In this age of miracles and wonders and upside-down values where bottled water is more expensive than gasoline and gasoline is more expensive than milk, confusion reigns supreme, especially on the subject of diet.
More has been written, spoken, blogged, and debated about what constitutes the optimum human diet than practically any other subject remotely related to the human body.
What follows is my personal take on the subject, and ten thousand people will agree and just as many will disagree. I’ll just try to cut through the hype and hogwash and leave it to the reader to make their own decisions, as it should be.
The Past
One doesn’t need to look too far into human history to realize the entire subject of “diet” as something to debate or ponder in any seriousness, is a relatively modern invention. Sort of like the cultural creation we call “teenagers”. A hundred years ago there was no such thing. A person was either a child or an adult, with no in-between.

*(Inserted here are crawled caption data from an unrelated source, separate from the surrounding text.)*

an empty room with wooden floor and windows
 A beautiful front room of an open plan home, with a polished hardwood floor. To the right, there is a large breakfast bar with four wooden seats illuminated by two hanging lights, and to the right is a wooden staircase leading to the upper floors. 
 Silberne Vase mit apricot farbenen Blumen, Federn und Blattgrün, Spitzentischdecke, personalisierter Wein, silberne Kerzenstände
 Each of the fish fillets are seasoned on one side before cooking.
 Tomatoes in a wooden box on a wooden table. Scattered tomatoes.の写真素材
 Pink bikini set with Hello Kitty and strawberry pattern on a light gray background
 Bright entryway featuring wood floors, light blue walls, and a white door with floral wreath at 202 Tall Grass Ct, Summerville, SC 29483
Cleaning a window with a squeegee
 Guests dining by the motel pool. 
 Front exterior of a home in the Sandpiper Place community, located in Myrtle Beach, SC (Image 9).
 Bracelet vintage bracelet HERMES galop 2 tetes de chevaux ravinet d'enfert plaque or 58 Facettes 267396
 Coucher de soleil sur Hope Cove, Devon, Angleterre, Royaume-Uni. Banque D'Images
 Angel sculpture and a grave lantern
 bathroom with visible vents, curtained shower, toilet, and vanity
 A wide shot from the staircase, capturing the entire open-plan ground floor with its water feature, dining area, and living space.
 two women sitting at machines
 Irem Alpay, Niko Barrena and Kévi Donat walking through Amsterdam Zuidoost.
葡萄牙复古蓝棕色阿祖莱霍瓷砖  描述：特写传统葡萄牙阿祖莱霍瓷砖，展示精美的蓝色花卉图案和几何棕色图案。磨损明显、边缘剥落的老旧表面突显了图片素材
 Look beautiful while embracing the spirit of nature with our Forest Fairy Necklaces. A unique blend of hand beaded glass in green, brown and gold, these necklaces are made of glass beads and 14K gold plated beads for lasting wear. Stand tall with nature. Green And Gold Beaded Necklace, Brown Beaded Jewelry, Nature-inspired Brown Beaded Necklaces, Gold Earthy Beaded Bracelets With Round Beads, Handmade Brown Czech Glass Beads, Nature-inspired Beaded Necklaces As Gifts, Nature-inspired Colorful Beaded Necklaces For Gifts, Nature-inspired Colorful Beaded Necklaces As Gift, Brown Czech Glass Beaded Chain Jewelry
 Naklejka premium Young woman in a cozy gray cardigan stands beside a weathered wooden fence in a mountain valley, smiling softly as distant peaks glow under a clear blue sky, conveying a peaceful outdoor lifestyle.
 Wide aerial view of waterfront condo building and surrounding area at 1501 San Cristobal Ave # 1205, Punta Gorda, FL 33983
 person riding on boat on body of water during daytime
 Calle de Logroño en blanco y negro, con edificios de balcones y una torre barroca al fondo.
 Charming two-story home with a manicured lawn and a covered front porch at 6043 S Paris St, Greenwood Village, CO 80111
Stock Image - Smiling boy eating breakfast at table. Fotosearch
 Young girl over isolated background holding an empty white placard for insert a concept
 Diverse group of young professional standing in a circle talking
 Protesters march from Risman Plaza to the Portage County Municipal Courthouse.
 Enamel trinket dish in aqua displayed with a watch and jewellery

Countless cultural rituals existed and still exist that celebrate the abrupt transition from childhood to adulthood in non-modern cultures. The Industrial Age of relative prosperity and complexity extended the number of years needed by a young person to acquire the maturity, education, and skills needed to function in modern society. Thus was born the “teenager”.
So too has our modern global economy and prosperity, enjoyed by most of the civilized world, brought enough quantity and variety of food to our tables, such that the concept of “diet” has emerged. Only in a world where food exists in abundance, does the word “diet” have any real meaning.
Be that as it may, here it sits, the question, “What should I eat?” or more precisely, “What should I eat to… stay slim, or feel better, or gain muscle or help my diabetes or keep my heart healthy or (just fill in the blank)?”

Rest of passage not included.